Neuroscience Seminar - Stefan Herlitze, Ph.D.

May 1, 2018
9:00 AM - 10:00 AM
MJIS 1001

Description

Stefan Herlitze, Ph.D.

Professor, Department of General Zoology and Neurobiology, Ruhr University Bochum, Germany

"Understanding and optogenetic control of signaling pathways involved in P/Q-type channel and serotonin receptor mediated diseases"

Our laboratory is interested in understanding diseases related to monoaminergic transmitters such as serotonin and to diseases related the P/Q-type Ca2+ channels.

Changes in serotonin levels in the brain are associated with various diseases including schizophrenia, obesity, anxiety disorders and depression. Therefore, understanding how serotonin modulates cortical activity and behavior and which signaling pathways are involved is an important contribution to understand the mechanisms of how these diseases originate. More importantly, we could recently show that controlling of 5HT2C receptor (Spoida et al. (2014) PNAS, 111, 6479-84) or 5HT1A (Masseck et al. (2014) Neuron, 81, 1263-73) receptor signals using light-activated GPCRs in different cell-types in the dorsal raphe nuclei, a brain region with high concentration of serotonin neurons, was sufficient to relieve anxiety in mice. We are currently developing new tools to control and monitor the activation of 5HT receptors in subcellular microdomains with G protein specificity in vivo.

P/Q-type channels are the prominent voltage gated Ca2+ channels in brain involved in synaptic transmitter release and action potential firing.

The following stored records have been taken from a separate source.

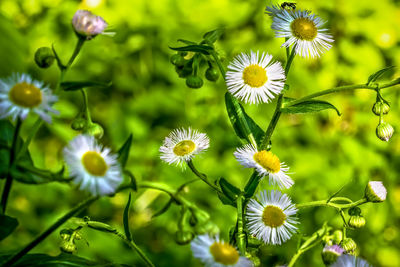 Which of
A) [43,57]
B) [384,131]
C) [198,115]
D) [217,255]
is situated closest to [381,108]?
[384,131]

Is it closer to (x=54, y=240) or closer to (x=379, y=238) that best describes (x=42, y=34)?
(x=54, y=240)

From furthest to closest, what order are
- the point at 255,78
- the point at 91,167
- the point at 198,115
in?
the point at 198,115
the point at 255,78
the point at 91,167

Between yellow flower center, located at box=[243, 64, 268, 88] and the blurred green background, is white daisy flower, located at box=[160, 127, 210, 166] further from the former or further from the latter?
the blurred green background

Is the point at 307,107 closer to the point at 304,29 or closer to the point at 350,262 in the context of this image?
the point at 304,29

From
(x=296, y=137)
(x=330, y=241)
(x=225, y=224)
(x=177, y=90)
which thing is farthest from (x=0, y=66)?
(x=296, y=137)

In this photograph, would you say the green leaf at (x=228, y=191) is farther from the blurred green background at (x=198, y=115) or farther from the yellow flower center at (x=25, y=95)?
the blurred green background at (x=198, y=115)

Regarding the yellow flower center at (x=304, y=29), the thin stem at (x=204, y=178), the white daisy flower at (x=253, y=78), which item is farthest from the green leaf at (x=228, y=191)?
the yellow flower center at (x=304, y=29)

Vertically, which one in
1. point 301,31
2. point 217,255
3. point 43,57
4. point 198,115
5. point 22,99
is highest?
point 198,115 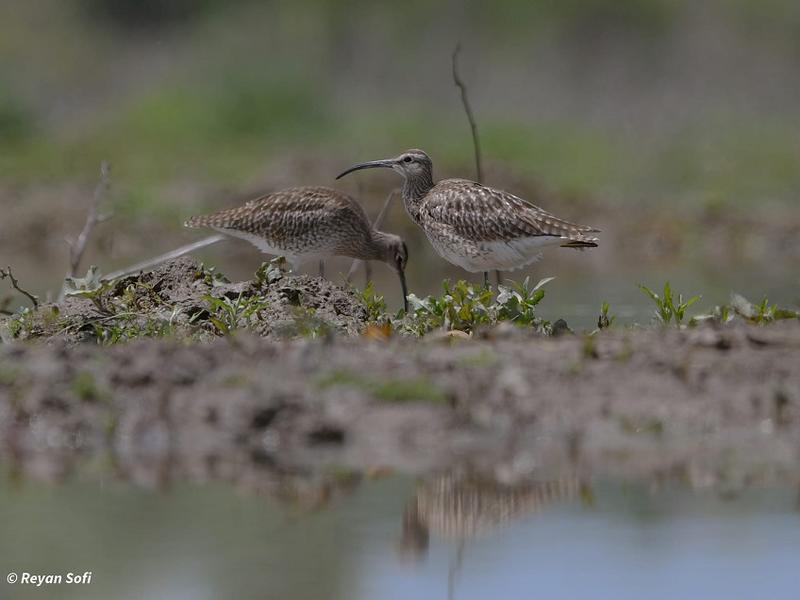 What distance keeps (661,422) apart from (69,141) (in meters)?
19.8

Various diseases are associated with a reduction in function of the P/Q-type channel including ataxia, dyskinesia and absence epilepsy, but which neuronal cell-type contributes to the diseases and when during development these diseases originate is not known. In order to address these questions we developed a mouse model to cell-type specifically delete the channel in mice. Using these mice we could show that loss of the P/Q-type channel in cerebellar Purkinje and/or Granule cells after birth is sufficient to cause ataxia, absence epilepsy and stress-induced motor seizures (Mark et al. (2011) J. Neuroscience, 31(11):4311-26; Maejima et al. (2013) J. Neuroscience, 33(12):5162-74). The results suggest that alteration in the output of the cerebellar cortex is sufficient to cause and manifest the diseases. This is in particular surprising for absence epilepsy, which has been linked to changes in thalamo-cortical activity. In addition, we developed a mouse model for the human disease spinocerebellar ataxia type 6 (SCA6). These mice develop SCA6 like symptoms, i.e. deficits in motor learning, ataxia and PC degeneration. The physiological phenotypes can be explained by an impairment of LTD and LTP in the cerebellar cortex (Mark et al. (2015) J. Neuroscience, 35(23):8882-95). We are currently using the different mouse models in combination with optogenetic techniques to understand how the disease phenotypes originate during development, how stress is triggering the disease and if the disease phenotype can be stopped/converted by activation of specific signaling pathways in the cerebellar cortex.